How might we make them “one”, or choose between them? Certainly they are both good; they are both necessary to human flourishing. In her virtuoso, witty and possibly wise book, On Beauty: and Being Just Elaine Scarry tries to convince us that since the contemplation of beauty will necessarily lead to justice we should begin, at least, with delighting and defending beauty. That offers me real comfort. But sadly Scarry abstracts “Beauty” from any context and nowhere acknowledges its subjective status. I know that many people do not find moors like this one beautiful – they see them as bleak, empty, barren. How many people have to find something how beautiful before it starts to develop into the eager sense of justice that Scarry foresees? The related question of how much justice is it worth losing some beauty for is similarly problematic. It is well nigh impossible to discover how much power windfarms can actually deliver: 20 per cent of Scotland’s needs say the proponents; less than 3 per cent say the opposition – and it does make a difference.
The answer of course is to so expand my imagination and my sensibility that I can find the windfarm beautiful – not simply because it is just, but because it is pleasing also. The deep hum will add an accompaniment, new rich tones, to the wind’s music; the high circling movement will provide punctuation to mist and cloud; the vibrancy of sun-flicker will pattern the soft light; the glory of hard verticals will accentuate and elaborate the soft curves.

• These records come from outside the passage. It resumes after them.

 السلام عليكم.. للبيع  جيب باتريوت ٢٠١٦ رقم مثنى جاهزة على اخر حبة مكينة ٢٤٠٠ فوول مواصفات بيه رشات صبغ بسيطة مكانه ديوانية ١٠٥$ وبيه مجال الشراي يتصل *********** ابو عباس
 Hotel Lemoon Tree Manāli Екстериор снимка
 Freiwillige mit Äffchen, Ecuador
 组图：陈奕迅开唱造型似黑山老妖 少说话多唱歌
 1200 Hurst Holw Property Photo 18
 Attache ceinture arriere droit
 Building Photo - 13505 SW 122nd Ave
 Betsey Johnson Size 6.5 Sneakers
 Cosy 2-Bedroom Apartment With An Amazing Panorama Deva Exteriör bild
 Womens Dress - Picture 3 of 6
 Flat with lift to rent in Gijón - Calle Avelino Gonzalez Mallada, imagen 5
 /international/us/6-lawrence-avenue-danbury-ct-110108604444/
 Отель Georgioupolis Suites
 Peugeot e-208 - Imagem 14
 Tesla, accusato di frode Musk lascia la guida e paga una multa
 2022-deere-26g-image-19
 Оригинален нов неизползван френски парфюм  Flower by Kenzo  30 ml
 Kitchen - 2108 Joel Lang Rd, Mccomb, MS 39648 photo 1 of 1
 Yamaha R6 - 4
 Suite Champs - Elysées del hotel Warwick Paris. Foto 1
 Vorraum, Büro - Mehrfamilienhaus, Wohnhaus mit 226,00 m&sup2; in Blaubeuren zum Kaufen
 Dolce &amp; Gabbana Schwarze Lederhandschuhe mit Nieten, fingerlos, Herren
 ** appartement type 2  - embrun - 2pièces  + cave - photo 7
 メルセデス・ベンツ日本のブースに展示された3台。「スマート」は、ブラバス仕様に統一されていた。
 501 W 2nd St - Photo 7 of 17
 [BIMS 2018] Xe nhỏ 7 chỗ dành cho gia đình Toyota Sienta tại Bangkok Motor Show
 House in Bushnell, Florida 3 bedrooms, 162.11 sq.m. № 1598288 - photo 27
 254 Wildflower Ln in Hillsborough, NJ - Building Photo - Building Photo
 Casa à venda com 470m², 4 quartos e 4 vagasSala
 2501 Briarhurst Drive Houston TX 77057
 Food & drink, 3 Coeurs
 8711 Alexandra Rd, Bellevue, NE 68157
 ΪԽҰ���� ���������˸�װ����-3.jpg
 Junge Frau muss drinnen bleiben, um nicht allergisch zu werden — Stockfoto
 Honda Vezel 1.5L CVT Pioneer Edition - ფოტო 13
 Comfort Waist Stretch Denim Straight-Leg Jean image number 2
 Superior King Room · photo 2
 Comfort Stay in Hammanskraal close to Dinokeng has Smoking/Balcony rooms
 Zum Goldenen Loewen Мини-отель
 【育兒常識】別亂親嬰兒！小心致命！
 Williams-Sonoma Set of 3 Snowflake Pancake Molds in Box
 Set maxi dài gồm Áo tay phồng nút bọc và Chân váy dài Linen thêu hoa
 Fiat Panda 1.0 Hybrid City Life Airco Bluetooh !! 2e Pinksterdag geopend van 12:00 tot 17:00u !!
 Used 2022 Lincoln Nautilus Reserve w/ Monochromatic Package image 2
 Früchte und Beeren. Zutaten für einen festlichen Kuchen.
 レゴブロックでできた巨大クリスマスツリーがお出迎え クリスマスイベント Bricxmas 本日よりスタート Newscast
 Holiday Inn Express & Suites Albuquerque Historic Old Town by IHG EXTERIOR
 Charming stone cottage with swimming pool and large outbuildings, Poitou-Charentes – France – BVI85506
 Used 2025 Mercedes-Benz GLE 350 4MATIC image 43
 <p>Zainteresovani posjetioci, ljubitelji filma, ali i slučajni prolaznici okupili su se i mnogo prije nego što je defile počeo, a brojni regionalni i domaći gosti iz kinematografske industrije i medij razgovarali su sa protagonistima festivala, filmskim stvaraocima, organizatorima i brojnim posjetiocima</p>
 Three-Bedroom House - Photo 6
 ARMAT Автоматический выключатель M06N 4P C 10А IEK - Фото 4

Well, I’m trying. It feels difficult, but I know that aesthetic values change like other values and that the excitement of learning new things is a stimulating challenge, especially worthwhile as I turn 60. I know too that the glen has changed through history – it survives the dykes and drainage cuts; it survives the railway line chugging through; it survives the pylons and poles; it survives the declining population; it survives the forestry plantations. These changes have shaped it into the place I love. Perhaps the wind-farm could be just one more change in the rhythm of my Huge Nothing and will gain in beauty as it merges into justice, and they will become one for me. To be honest I resent the effort involved and the fact that I did not choose it, but on good days even a failed attempt to make this true, which it is not for me yet, feels possible and exciting, a new adventure.
I am trying but still I am haunted by poor John Clare, the poet, wandering and raving, driven crazy by the loss of his home, the wild heaths and common land of his childhood, which had been destroyed by modernity.